Listed infra: the asset class that wasn’t?

Not everybody thinks assets available through the stock market provide the same benefits as their private counterparts.

In a whitepaper released earlier this week, Australian fund manager AMP Capital makes the case for listed infrastructure by describing it as an “untapped growth opportunity,” highlighting the benefits it can offer investors in the form of stable, reliable and growing cash flows.

“Global listed infrastructure is still a relatively new asset class but because of its versatility it can play a number of roles in a balanced portfolio,” AMP Capital’s global head of listed infrastructure Tim Humphreys said in a statement. “It offers defensive growth, attractive yield and also offers appealing diversification qualities, presenting a largely untapped opportunity for investors.”

Two listed infrastructure professionals – Franklin Templeton’s Wilson Magee and CBRE Clarion’s Jeremy Anagnos – presented similar arguments during a roundtable discussion Infrastructure Investor hosted last month, which you will be able to read shortly in our September issue.

AMP Capital, which also invests in unlisted infrastructure, released its whitepaper to coincide with its support of the Global Listed Infrastructure Organisation, a new trade association launched in July whose objective is to raise awareness of the benefits of listed infrastructure among investors.

Not everybody seems so enthused by listed infrastructure, however. In a paper released in June, EDHECInfra, the infrastructure research unit of the French business school, stated its disagreement in stark terms when it argued that “there is no listed infrastructure asset class”.

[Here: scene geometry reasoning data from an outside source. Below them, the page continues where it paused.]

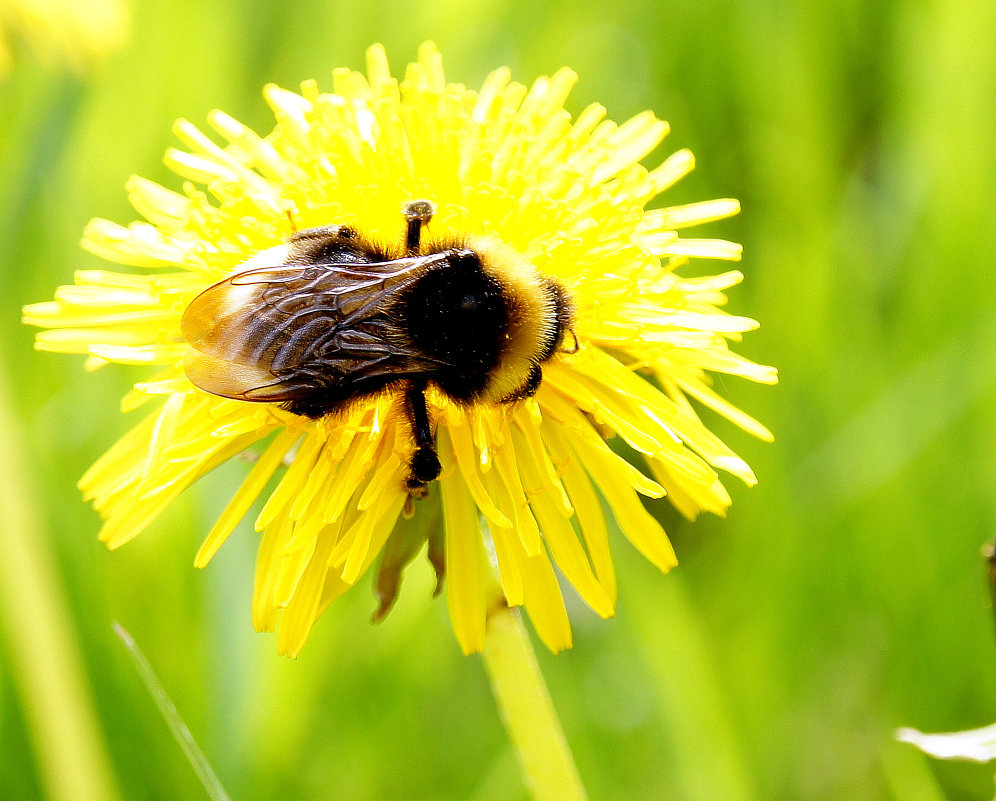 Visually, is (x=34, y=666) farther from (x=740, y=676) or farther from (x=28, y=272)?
(x=740, y=676)

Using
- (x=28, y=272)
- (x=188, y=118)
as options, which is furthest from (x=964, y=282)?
(x=28, y=272)

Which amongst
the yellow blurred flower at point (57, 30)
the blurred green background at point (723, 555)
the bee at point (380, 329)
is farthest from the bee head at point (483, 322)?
the yellow blurred flower at point (57, 30)

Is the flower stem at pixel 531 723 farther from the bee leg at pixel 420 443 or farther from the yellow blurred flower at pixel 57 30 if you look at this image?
the yellow blurred flower at pixel 57 30

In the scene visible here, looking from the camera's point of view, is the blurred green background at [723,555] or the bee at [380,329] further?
the blurred green background at [723,555]

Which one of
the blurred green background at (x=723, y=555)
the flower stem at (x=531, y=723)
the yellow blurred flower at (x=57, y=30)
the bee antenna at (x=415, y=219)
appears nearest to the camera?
the flower stem at (x=531, y=723)

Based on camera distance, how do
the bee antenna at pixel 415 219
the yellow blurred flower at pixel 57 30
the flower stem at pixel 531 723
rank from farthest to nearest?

“When you talk about an asset class you are referring to a group of assets that tend to be more correlated with each other and less correlated with the rest,” EDHECInfra director Frédéric Blanc-Brude told Infrastructure Investor.

“Listed infrastructure tends to be very high volatility, very highly correlated with the market; not at all what you think infrastructure should be like as an investment.”

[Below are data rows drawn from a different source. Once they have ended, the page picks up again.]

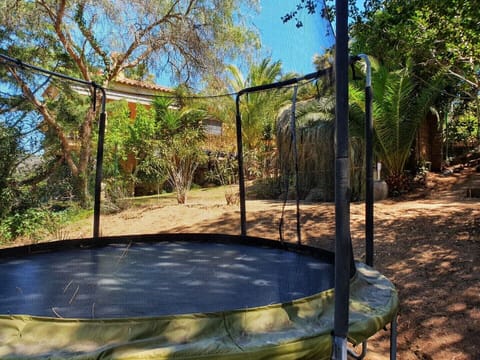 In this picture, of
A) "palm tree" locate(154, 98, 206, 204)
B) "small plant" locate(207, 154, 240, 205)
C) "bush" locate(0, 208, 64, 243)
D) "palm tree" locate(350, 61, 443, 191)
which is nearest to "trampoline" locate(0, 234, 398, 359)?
"bush" locate(0, 208, 64, 243)

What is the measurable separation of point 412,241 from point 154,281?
268cm

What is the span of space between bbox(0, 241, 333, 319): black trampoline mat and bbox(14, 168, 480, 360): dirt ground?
0.30 m

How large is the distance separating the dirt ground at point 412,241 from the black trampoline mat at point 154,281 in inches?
11.8

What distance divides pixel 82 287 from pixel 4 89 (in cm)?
378

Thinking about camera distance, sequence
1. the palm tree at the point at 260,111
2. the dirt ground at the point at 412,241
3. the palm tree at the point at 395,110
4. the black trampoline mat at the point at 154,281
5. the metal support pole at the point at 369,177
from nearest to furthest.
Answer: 1. the black trampoline mat at the point at 154,281
2. the metal support pole at the point at 369,177
3. the dirt ground at the point at 412,241
4. the palm tree at the point at 260,111
5. the palm tree at the point at 395,110

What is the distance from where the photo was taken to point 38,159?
14.2 feet

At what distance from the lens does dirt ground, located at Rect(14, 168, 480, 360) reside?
209 cm

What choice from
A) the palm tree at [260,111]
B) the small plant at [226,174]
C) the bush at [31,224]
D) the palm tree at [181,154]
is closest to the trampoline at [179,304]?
the palm tree at [260,111]

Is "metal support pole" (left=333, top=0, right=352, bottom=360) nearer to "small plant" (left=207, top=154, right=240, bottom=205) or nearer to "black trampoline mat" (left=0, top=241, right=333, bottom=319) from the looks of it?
"black trampoline mat" (left=0, top=241, right=333, bottom=319)

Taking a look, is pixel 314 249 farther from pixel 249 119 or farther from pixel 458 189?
pixel 458 189

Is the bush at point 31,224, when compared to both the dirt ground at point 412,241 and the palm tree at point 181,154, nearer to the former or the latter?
the dirt ground at point 412,241

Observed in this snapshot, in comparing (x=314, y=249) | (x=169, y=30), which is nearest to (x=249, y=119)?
(x=314, y=249)

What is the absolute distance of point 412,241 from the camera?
11.3 ft

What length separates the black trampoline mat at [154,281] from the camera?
122 cm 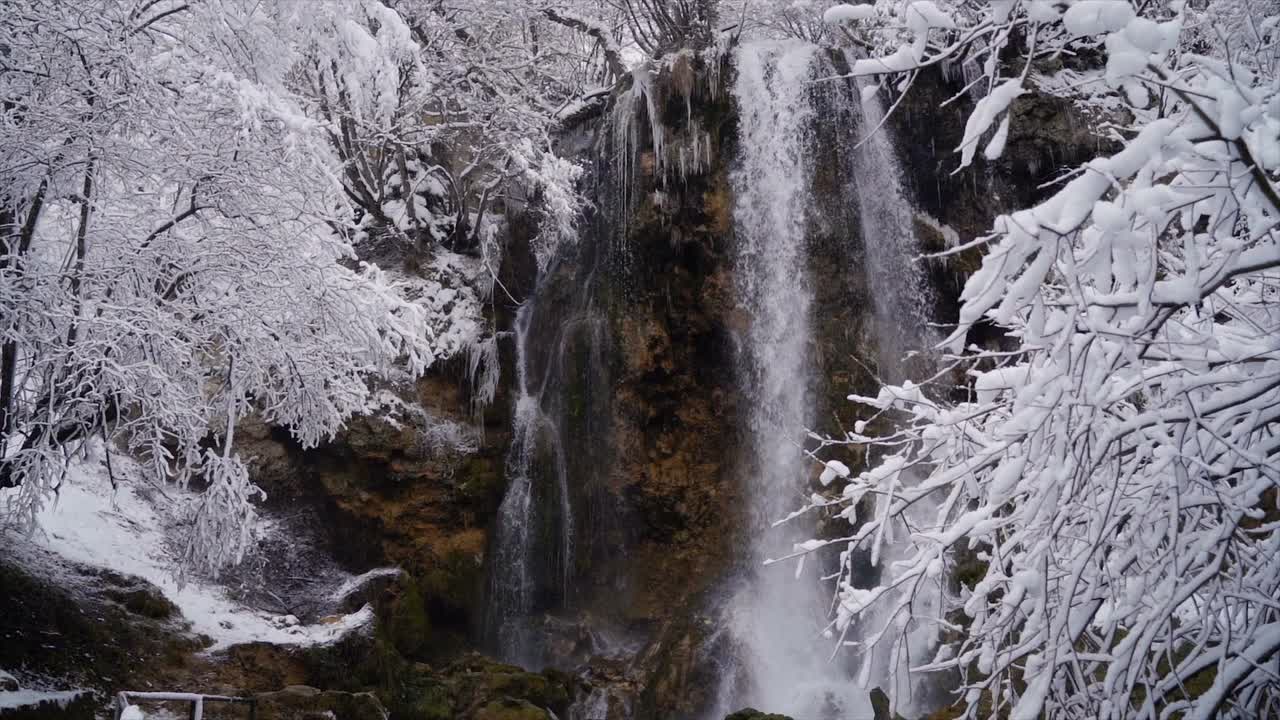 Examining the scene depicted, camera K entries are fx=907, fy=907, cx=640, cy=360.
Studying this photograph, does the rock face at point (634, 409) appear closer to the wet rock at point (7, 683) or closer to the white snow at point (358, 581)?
the white snow at point (358, 581)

The findings come after a one-year study that used 22 listed infrastructure proxies to determine whether listed infrastructure has the potential to create diversification benefits for investors. The tests were conducted for global, US and UK markets covering the past 15 years.

“We tested 22 proxies of listed infrastructure and found little to no robust evidence of a ‘listed infrastructure asset class’ that was not already spanned by a combination of capital market instruments and alternatives of a factor-based asset allocation,” Blanc-Brude and co-authors Tim Whittaker, associate research director at EDHECInfra, and Simon Wilde, senior managing director at Macquarie Capital in London, wrote in the paper.

There was one exception to the findings, however: five stocks, listed on the London Stock Exchange, which buy equity tranches in PPP projects that receive availability payments and have no demand risk.

“These five companies own about 250 projects. While they’re small – their market capitalisation is £5 billion [$6.6 million; €5.8 million] – they are a window into quite a large bucket of projects,” Blanc-Brude explained. “They basically have the characteristics that you’d expect from infrastructure, which is much lower risk than the market, very low correlation with the market and high dividend pay-outs.”

According to EDHECInfra’s study, focusing on the underlying contractual or governance structures that tend to maximise dividend payouts and pay dividends regularly is effective in reaping diversification benefits – certainly more than simply investing in companies based on their SIC code and on whether a proportion of their revenues are generated from the infrastructure sector.

“So you could conclude that there’s something special out there with infrastructure but it’s mostly not available through the stock market, so it’s difficult to proxy,” Blanc-Brude said.